I sat there in my chair, shaking my leg with my laptop opened to ‘Mindpeers’, a newly discovered website that functions as your therapy assistant. Therapy has always been an intriguing concept to me, something that I wanted to experience even if I didn’t feel an exact need for it. However, in due time, I ended up feeling the need for it due to grappling issues with anxiety, time management, and overwhelmingness. I wanted to figure out what I was feeling, the reason for it, and how to navigate through it. Thus, I ended up signing for it. After having attended six sessions, I finally decided to share my experience of the same. By sharing my thoughts through this piece, I hope this helps someone in their journey.
I found my therapist through the therapist matching feature on Mindpeers. This was after answering a few basic questions about what I was going through. It wasn’t a quick journey. From the desire to sign up for therapy to booking an actual session- including factors like having a conversation with your parents, paying for the sessions which are typically expensive, and the grind to seek help- it all took great time and effort. But as I took a step towards my first session, I could feel a weight lifting off of my chest. I finally felt I was doing something for myself.

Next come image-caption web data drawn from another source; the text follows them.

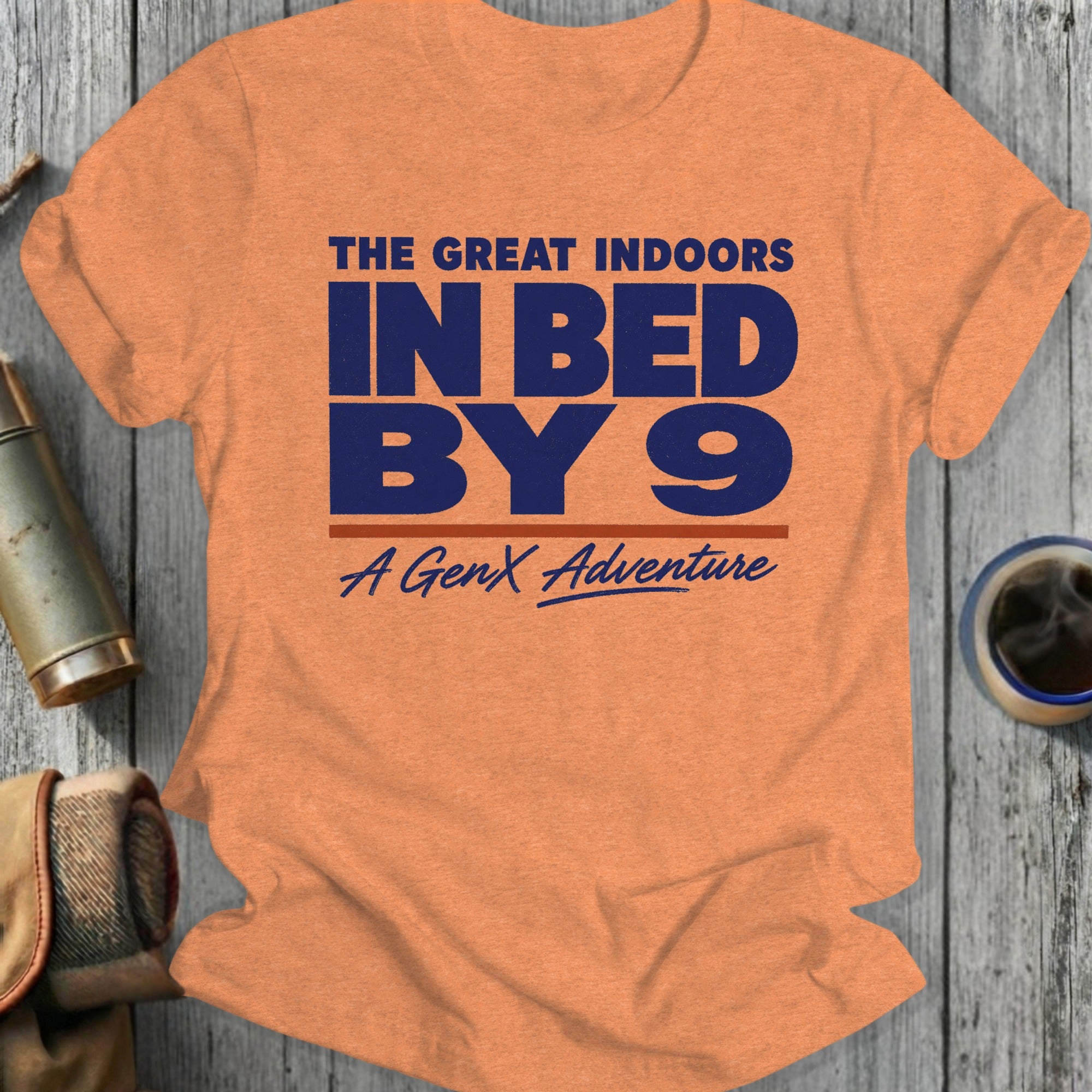 Orange t-shirt with "The Great Indoors In Bed By 9 A GenX Adventure" text.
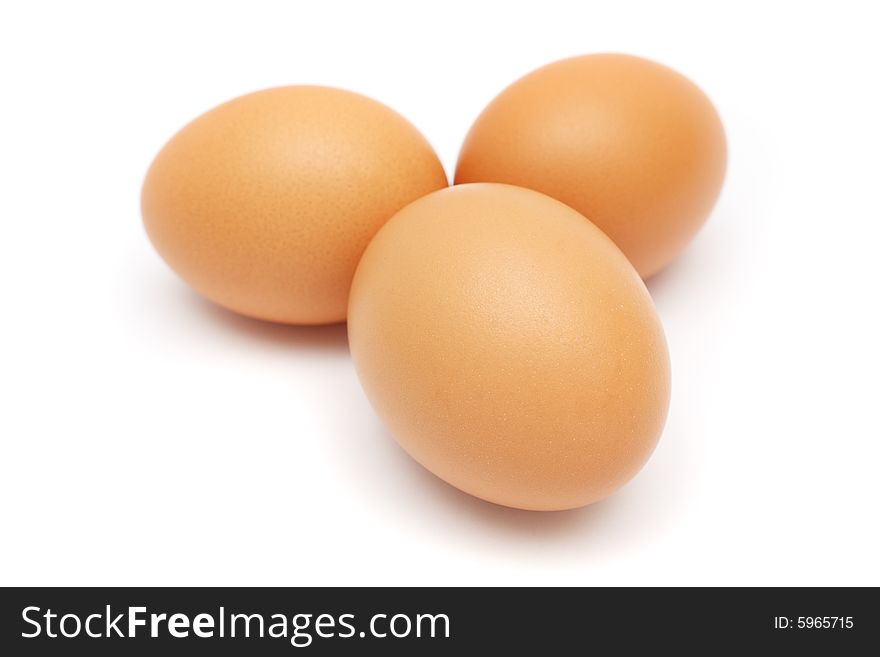 Close up of three eggs on white background.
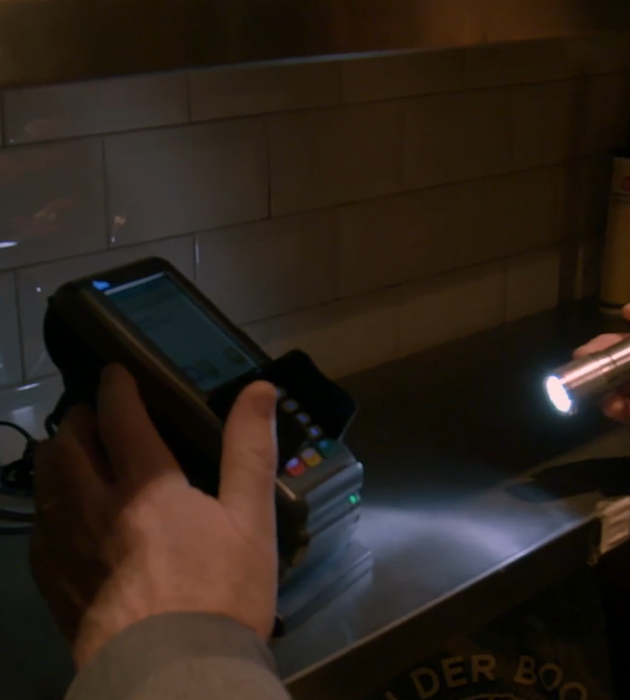 FIOD-medewerker kijkt naar pin-apparaat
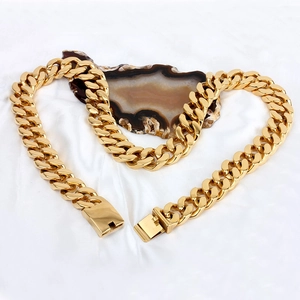 Detail view of thick gold Cuban link chain necklace with spring clasp on white silk background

I felt I putting an effort into finding the answers to the questions that I had buried within me for a long time.
The point at which you FIRST think, ‘I wonder if I should get some help’ is the best time to reach out.Dr. Lisa Merlo, licensed psychologist and Director of Wellness Programs at UF College of Medicine
As I sat down for my first session, I was looking forward to it so much that there was an air of excitement around me. This was quite an unexpected feeling. However, when I joined the meeting, I saw how it transcended into a contrasting tangent. As the session began, we started with questions about me, the life I lead, my family and friends, and why I decided to start therapy. Although these are some pretty simple questions, I found myself tearing up with a lump in my throat as everything that I never spoke about was put into words. Questions that no one had ever asked me were put in front of me, that too in the least overwhelming way possible. Even though there was a swamping feeling that was trying to take over, I had it in my mind that I wanted to talk more and speak as much as I could. This was especially important as I am someone who eloquently expresses with spoken words. Post the session, I felt good. It felt like a long journey had begun, but at least it had begun.

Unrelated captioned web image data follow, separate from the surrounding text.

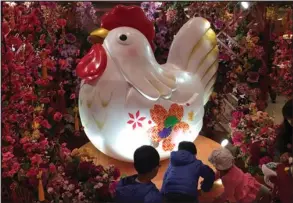  ?? ROY LIU / CHINA DAILY ?? Children play in front of a rooster statue before the coming Year of the Rooster at a shopping mall in Kowloon Bay.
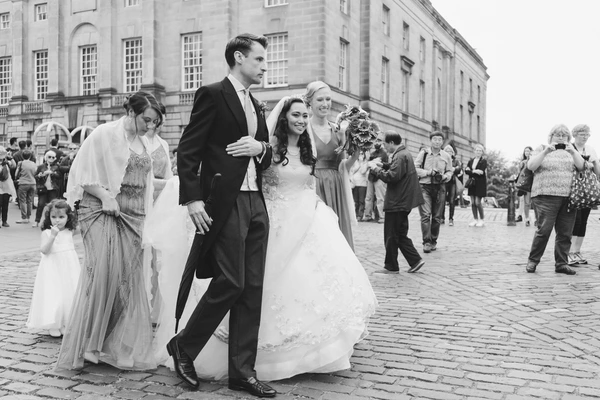 Bride and groom walk together before an imposing classical building, smiling, guests around them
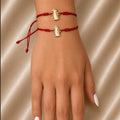 RED STRING BRACELET WITH PENGUIN CHARM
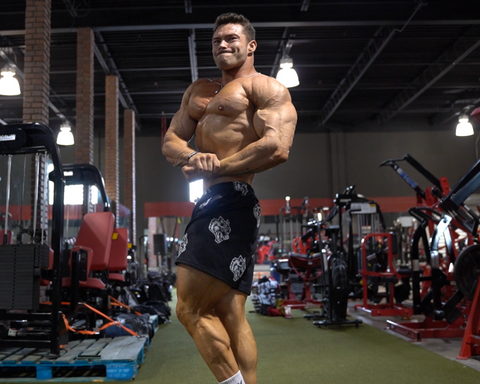 man with big muscles in gym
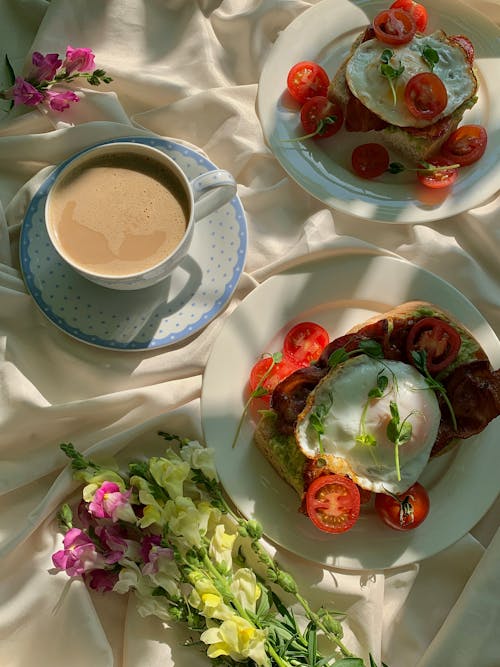 A Ceramic Plates with Foods Near the Saucer with Cup of Coffee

I have spoken to a lot of people about their therapy experience and many of them don’t seem to have good first sessions. From not being able to talk as they break down into tears to simply not feeling comfortable in the space, every person’s experience with therapy is distinctive. This is based on expectations, emotions, feelings, perspectives, etc. The progressive side of society has made us believe that therapy might be a cure-all. That just starting the process might fix everything. But I believe that this is a false expectation. Sometime in the future, I too feel that therapy will give me the answers I am looking for. But at the same time, I want to go in with the motive to heal myself and not ‘fix’ myself. I want to understand the process.
One essential question my therapist asked me was whether I found it to be a place I wanted to invest my time, money, and energy into and that if I found myself wanting to do so, then I must give it a shot. They also told me that sometimes it’s not about the concept or act of therapy, the client and therapist might just not align or have an appropriate dynamic for growth. And that’s completely okay. To quote them, “There is no bad therapist and no bad client, it’s simply a difference.”

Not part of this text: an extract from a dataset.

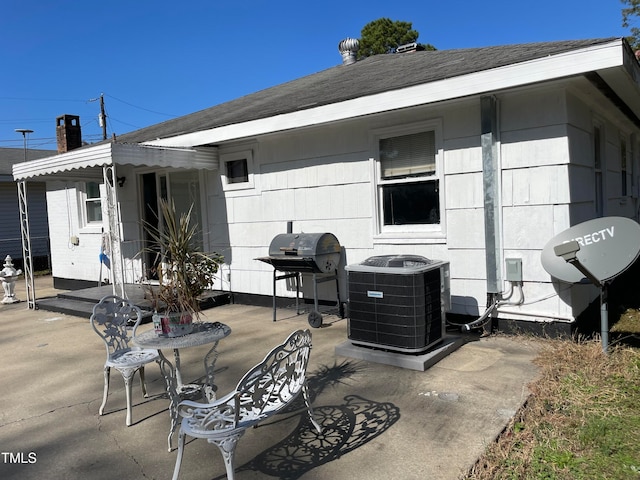 view of patio / terrace with cooling unit and a grill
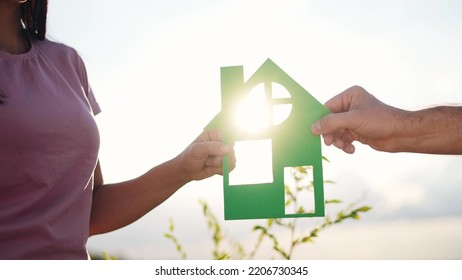 Happy Family Holding Paper House With Hands. House Happiness Concept. Big Family Dream Of Buying A House. Hands Holding Lifestyle A Paper House At Sunset Sun Glare. Mortgage Construction Concept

Dr. Carol Bernstein, Professor and Vice Chair for Faculty Development and Wellbeing at Montefiore Medical Center/Albert Einstein College of Medicine, emphasized that it is important to not treat mental health like the “neglected stepchild of healthcare” and instead to always “make sure to take care of your emotional needs as well as your physical needs.”
For anyone out there who’s wondering and questioning if they want to try therapy out, I would say go for it. Make sure to take your time, prepare yourself, and make that decision with due diligence. Whatever helps you to be more at peace, happy, and a create better you should be prioritized.
This personal experience came from a place of raw feelings, emotions, confusion, and curiosity. I have tried to put into words the beginning of my journey toward self-exploration and self-understanding in hopes that it might serve as a sign for someone who might need to do something for themself but is unable to take the initial step. I hope it doesn’t take as long for someone as it did for me to break taboos while prioritizing themselves on their journey of exploring and caring for themselves! I hope that my journey helps someone take that first step.